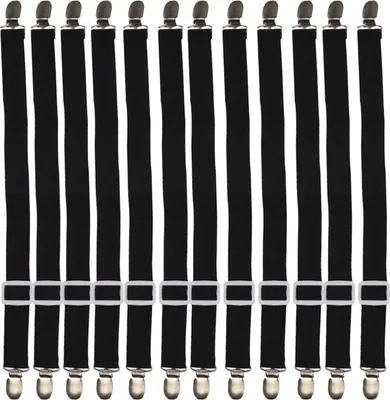 Produktbild von Bettlakenspanner Verstellbar, 12 Stück Verstellbare Lakenspanner, Elastische Spanner für Laken, Lakenspanner mit Metallclips für Laken, Matratze, Bügelbrett oder Sofa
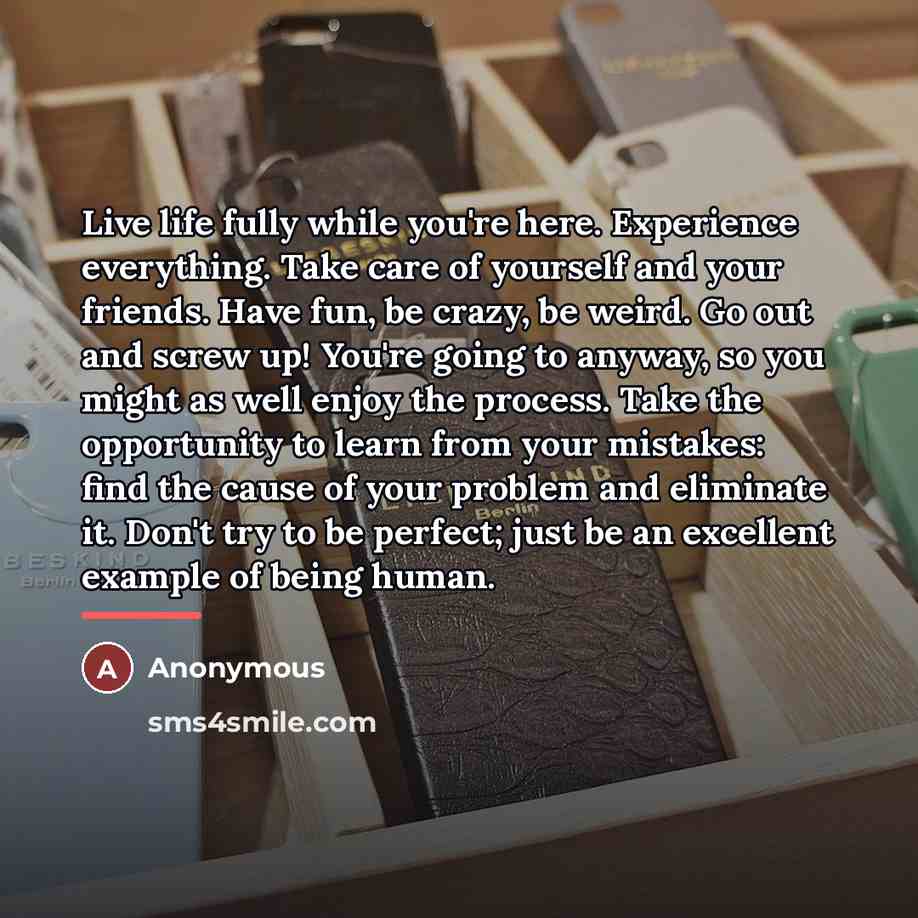 “Live life fully while you're here. Experience everything. Take care…” quote by Anonymous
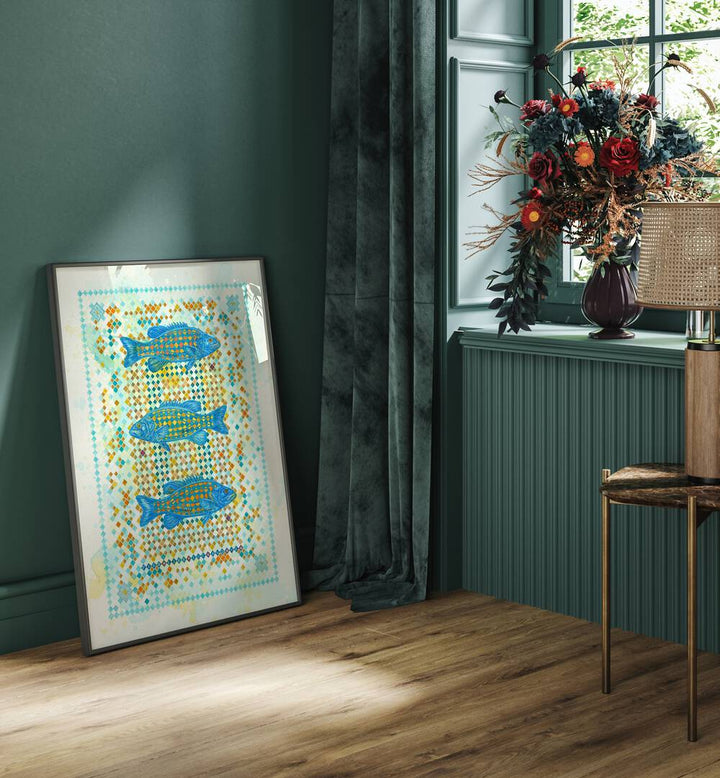 Brightly framed FISH LIKE YOU AND ME II, ANIMAL PAINTINGS displayed in a stylish room with floral decor.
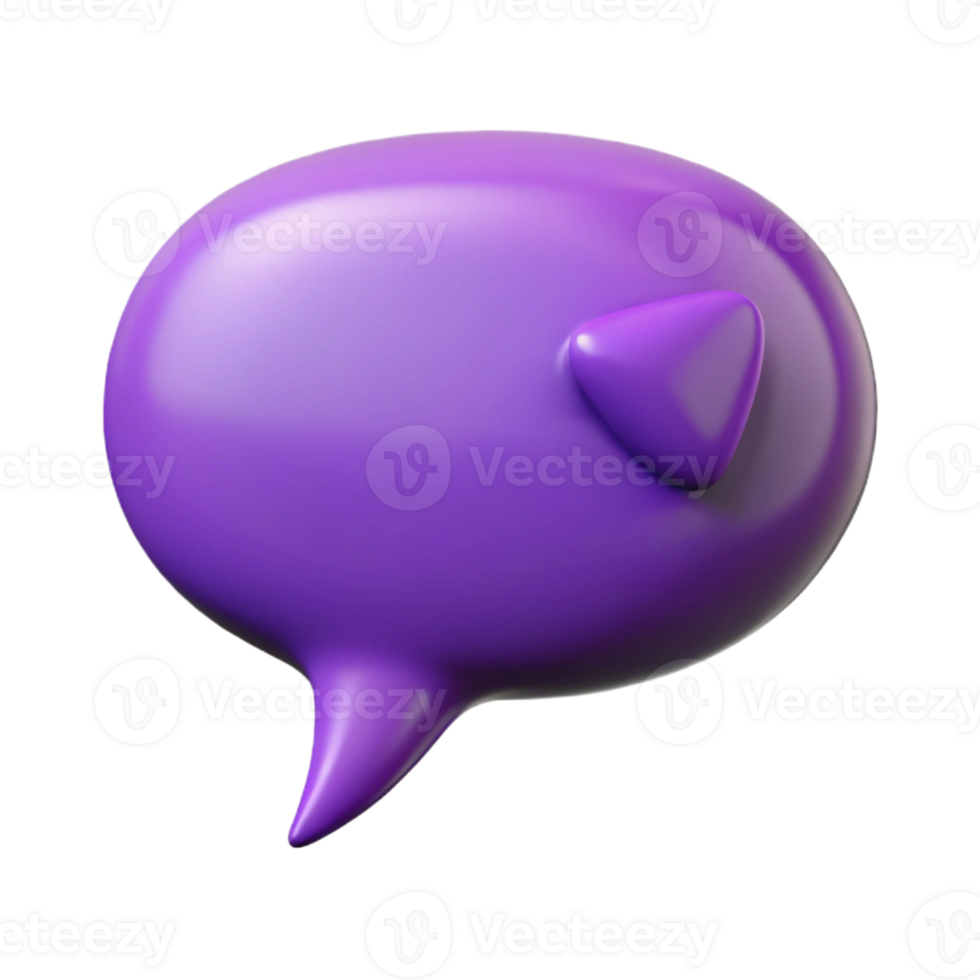 Purple 3D Speech Bubble Illustration png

**Aim of the task**
The response should consist of the lines above from the first through the one containing "quote by Anonymous", transcribed exactly, with every picture left out.

**Task answer**
 Produktbild von Bettlakenspanner Verstellbar, 12 Stück Verstellbare Lakenspanner, Elastische Spanner für Laken, Lakenspanner mit Metallclips für Laken, Matratze, Bügelbrett oder Sofa
 “Live life fully while you're here. Experience everything. Take care…” quote by Anonymous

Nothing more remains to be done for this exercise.